WASHINGTON — The Environmental Protection Agency had sufficient authority and information to issue an emergency order to protect residents of Flint, Michigan, from lead-contaminated water as early as June 2015 — seven months before it declared an emergency, the EPA’s inspector general said Thursday.

The Flint crisis should have generated “a greater sense of urgency” at the agency to “intervene when the safety of drinking water is compromised,” Inspector General Arthur Elkins said in an interim report.

Flint’s drinking water became tainted when the city began drawing from the Flint River in April 2014 to save money. The impoverished city of 100,000 north of Detroit was under state control at the time. Regulators failed to ensure water was treated properly and lead from aging pipes leached into the water supply.

Federal, state and local officials have argued over who’s to blame as the crisis continues to force residents to drink bottled or filtered water. Doctors have detected elevated levels of lead in hundreds of children.

A panel appointed by Michigan Gov. Rick Snyder concluded that the state is “fundamentally accountable” for the lead crisis because of decisions made by state environmental regulators and state-appointed emergency managers who controlled the city.

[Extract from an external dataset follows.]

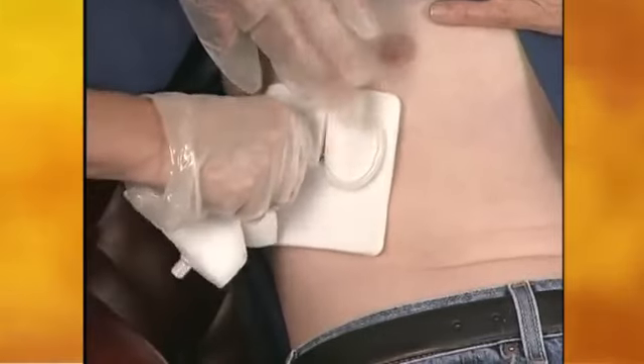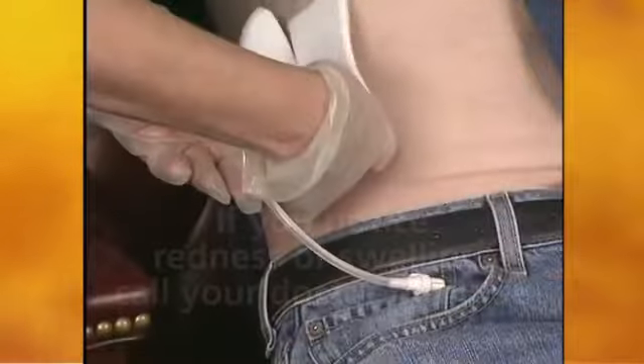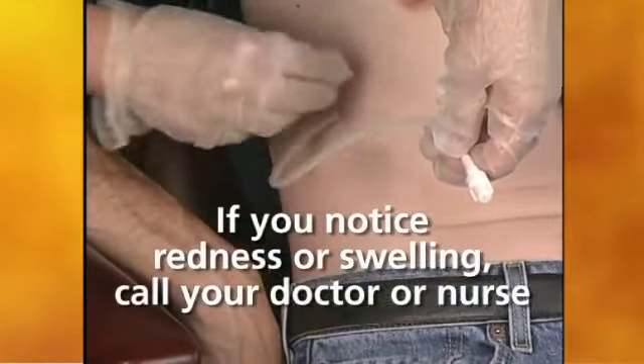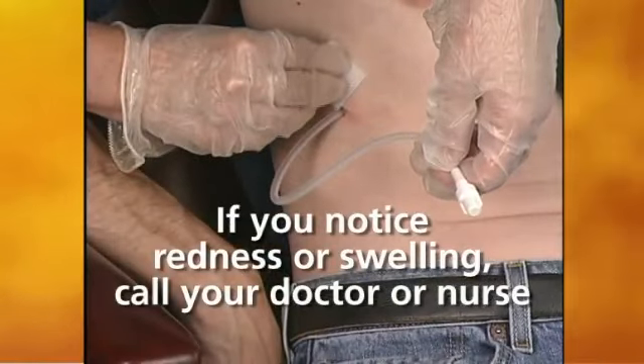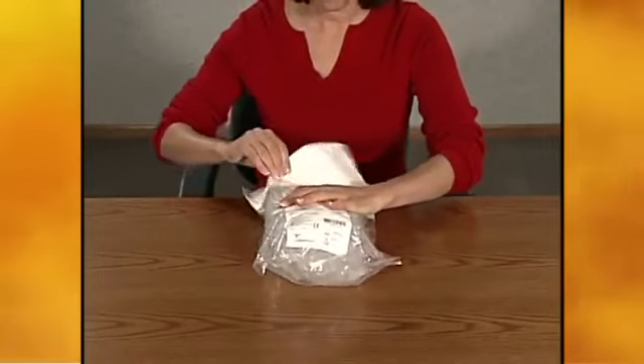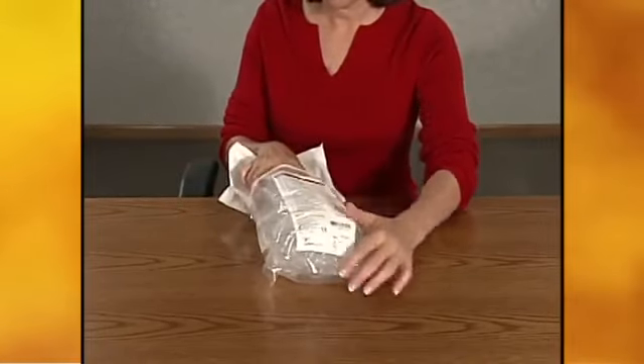Inspect the area for redness and swelling at the catheter insertion site. If there is any redness or swelling around the catheter, finish this drainage and have the patient contact their doctor or nurse. Open the drainage kit bag and remove all of the items from inside.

Even so, Snyder and other Republicans have faulted the EPA for a slow response.

“As Gov. Snyder has stated all along, what happened in Flint was the result of failure of government at all levels,” spokeswoman Anna Heaton said Thursday.

The report by the inspector general says officials at the EPA’s Midwest region did not issue an emergency order because they concluded that actions taken by the state prevented the EPA from doing so. The report calls that interpretation incorrect and says that under federal law, when state actions are deemed insufficient, “the EPA can and should proceed with an (emergency) order” aimed at “protecting the public in a timely manner.”

Without EPA intervention, “the conditions in Flint persisted, and the state continued to delay taking action to require corrosion control or provide alternative drinking water supplies,” the report said.